El equilibrista procurará no alimentarse de pensamientos negativos, que sólo lo harían dudar de su capacidad. Evitará mirar por debajo de sus pies, donde lo aguarda un precipicio (el posible fracaso). Deberá resistir la tentación de ver hacia atrás, donde está su pasado, porque quien vive pendiente del ayer tampoco avanza. Se enfocará, en cambio, en su objetivo fundamental: arribar al otro extremo (su meta). Deberá, además, encontrar el punto medio entre el temor paralizante y el arrojo impulsivo.
A medida que el equilibrista se desplaza, el viento habrá de ofrecerle resistencia. Dicho viento está compuesto por los obstáculos externos que deberá sortear, así como también por los obstáculos internos, los que llegan desde adentro de uno mismo como producto de los condicionamientos emocionales y de la historia personal que acarreamos.
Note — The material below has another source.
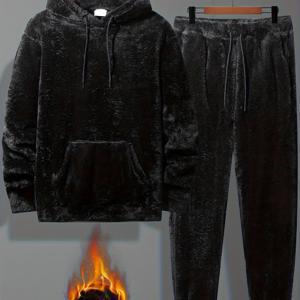 TEMU 2개 남성용 럭셔리 플리스 후드 스웨트슈트 세트 - 부드러운 플러시 보온 트랙수트, 풀지퍼 후디 & 매칭 조거 팬츠, 세탁기 사용 가능한 겨울 아웃핏 (블랙/그레이/올시즌) - 추운 날씨와 레이어링에 이상적, 솔리드 컬러 플리스 소재, 드로스트링 후드 & 포켓, 가을과 겨울을 위한 편안한 핏, 캐주얼하고 스타일리시한 남성 패션 세트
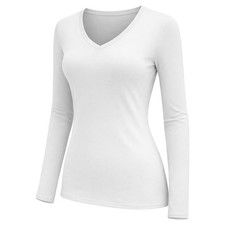 Womens V Neck Long Sleeve Plain T-Shirt Ladies Casual Basic Tee Top Slim Fit Top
En ese mismo viento están sus dudas, temores excesivos, mandatos internos y dañinos (familiares y sociales), prejuicios propios y ajenos, condicionamientos inconscientes, etc. Pero quien avanza cuenta con una herramienta imprescindible: una barra delgada y larga que sostiene con sus manos. La poderosa barra le da seguridad porque en ella residen su autoestima, su confianza, su motivación, sus ganas y la experiencia de haber ya transitado airosamente sobre otras cuerdas flojas.
El equilibrista sabe que debe mantenerse en movimiento. Si se quedara quieto, caería de la cuerda hacia el abismo. Así que no importa qué tan huracanado sea el viento, el equilibrista debe resistir y continuar. ¿Podría al menos haber dispuesto debajo de sí alguna red de protección? Desde luego. Los otros, nuestros preciados vínculos, constituyen una verdadera red social que habrá de servirnos de contención cuando caigamos.
Aun el más brillante equilibrista adquirió su habilidad sólo a partir de práctica. Más de una vez habrá caído al suelo y continuó. Y tras cada caída se vio a sí mismo transformado, a raíz de haber adquirido un nuevo aprendizaje. Como dijo el genial Haruki Murakami: “Cuando la tormenta de arena haya pasado, tú no comprenderás cómo has logrado cruzarla con vida. Pero una cosa sí quedará clara. Y es que la persona que surja de la tormenta no será la misma persona que entró en ella”.